The two padding zeros look like an adjacent-equal pair, so every single-digit number 1..9 (padded 00d) is wrongly rejected, and so is every two-digit number starting after a padded zero. The count comes out far too low.

correct run (with started):
    position 0: place 0 → started stays false, last = "none" (-1)
    position 1: place 0 → started still false (no real digit yet), last still -1
                           → NOT compared, NOT rejected
    position 2: place 5 → started becomes true, last = 5, number = 5  ✓ counted

Run both against the brute-force oracle:

def brute_no_adj(N):
    def ok(x):
        s = str(x)
        return all(s[i] != s[i+1] for i in range(len(s)-1))
    return sum(1 for x in range(N+1) if ok(x))

# brute_no_adj(100) = 91  (only 11, 22, ..., 99 are rejected: 9 numbers; 101 numbers in [0,100] minus... )
# the buggy DP returns far less; the correct DP returns 91.

The lesson, made concrete: for any predicate whose per-digit rule looks at previous real digits (adjacency, monotonicity) or counts/sets of real digits (digit-frequency, masks), the started flag is not optional — it is the only thing that prevents padding zeros from being mistaken for the number's actual digits. The digit-sum predicate is the lone common exception, because adding a padding zero changes nothing.

Debugging checklist when a Digit DP is wrong¶

When your count disagrees with the oracle, check in this order — these are ranked by how often they are the culprit:

Are tight states being cached? Add the if not tight guard around both the read and the write. (Over-counts.)
Is nextTight exactly tight && dig == limit? A common typo is dig == 9 or dropping the && tight. (Corrupts the bound.)
Is started handled? If the predicate looks at previous real digits, padding zeros must not participate. (Under- or over-counts depending on the rule.)
Is the range f(R) − f(L−1), not f(R) − f(L)? And is f(−1) = 0? (Off-by-one at the endpoint.)
Is L − 1 computed correctly on the string? Borrow across trailing zeros, strip leading zeros. (Wrong lower bound.)
Is the memo cleared/rebuilt between the two f calls? (Stale counts.)

Fix the smallest failing N first — the bug is almost always visible at N ≤ 30.

Visual Animation¶

See animation.html for an interactive view.

The middle-level animation highlights: - The bound N's digits with the tight branch (capped at N[pos]) drawn distinctly from the free branch. - The accumulator (digit sum) and the started flag updating as each digit is chosen. - How counts from the leaves bubble up and how free subtrees reuse memoized results.

Summary¶

Middle-level Digit DP is about getting the edges right and the family general.
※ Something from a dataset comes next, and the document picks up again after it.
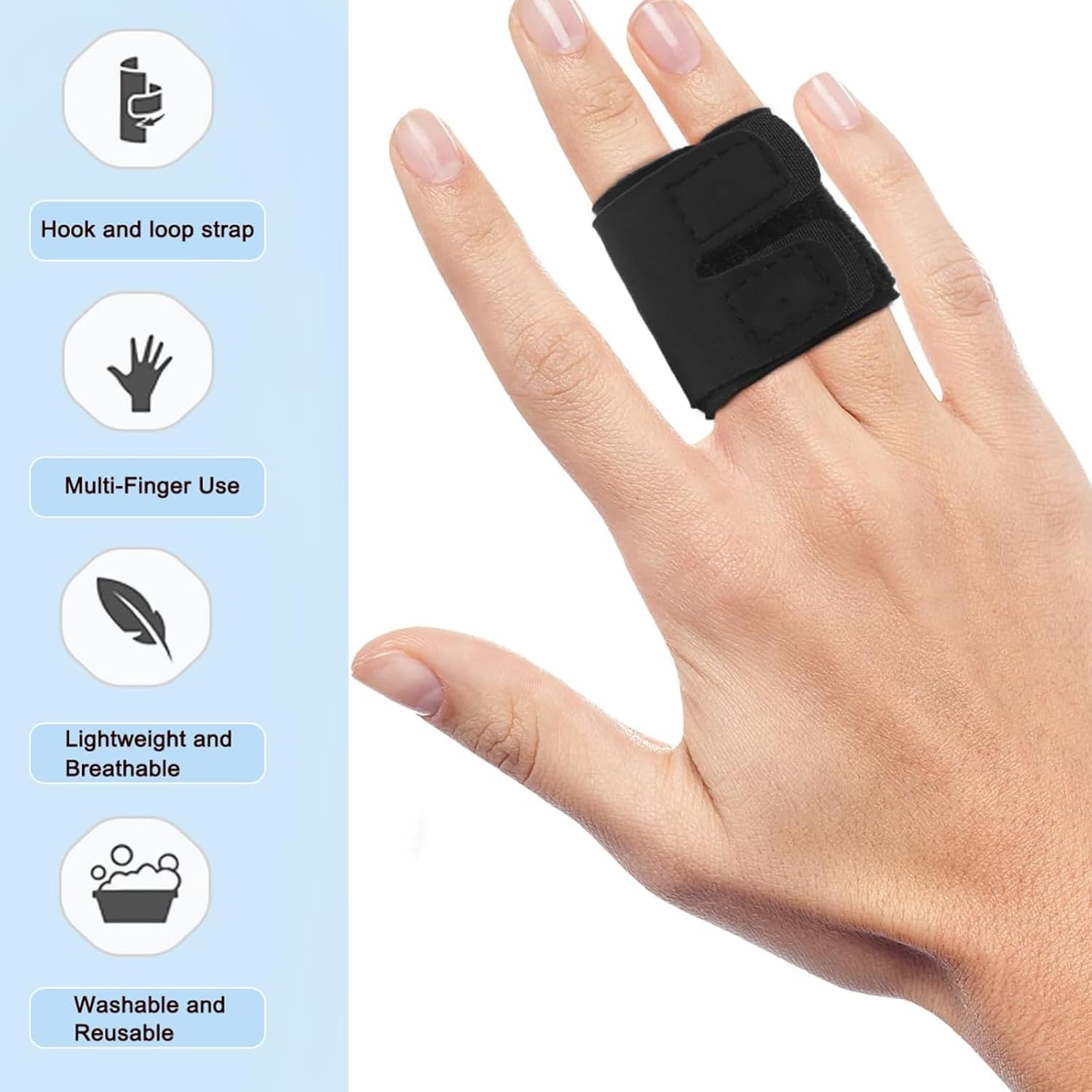 OBLEGY Finger Splints Finger Sleeves Finger Protectors Sports Compression Finger Wraps Perfect for Sport Basketball, Tennis, Volleyball, Two Finger image number 1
The leading-zero (started) flag is mandatory for any constraint where padding zeros could masquerade as real digits — adjacency, monotonicity, digit-frequency, masks — and optional only for the digit sum. Ranges decompose as f(R) − f(L−1), and because L and R can be 100-digit strings, the only big-number arithmetic you need is a careful string decrement. The accumulator is just "whatever finite state the predicate needs": a remainder mod K for divisibility (rem' = (rem·base + dig) mod K), a bitmask for digit-set constraints, the last digit for adjacency/monotonicity, or a running count when you sum a quantity over the range. And the tight states stay out of the cache — they are unique per position, so caching them gains nothing and, if keyed carelessly, silently corrupts the free-state counts. Master the four-field skeleton with these accumulators and the whole digit-constraint counting family collapses into one well-tested function.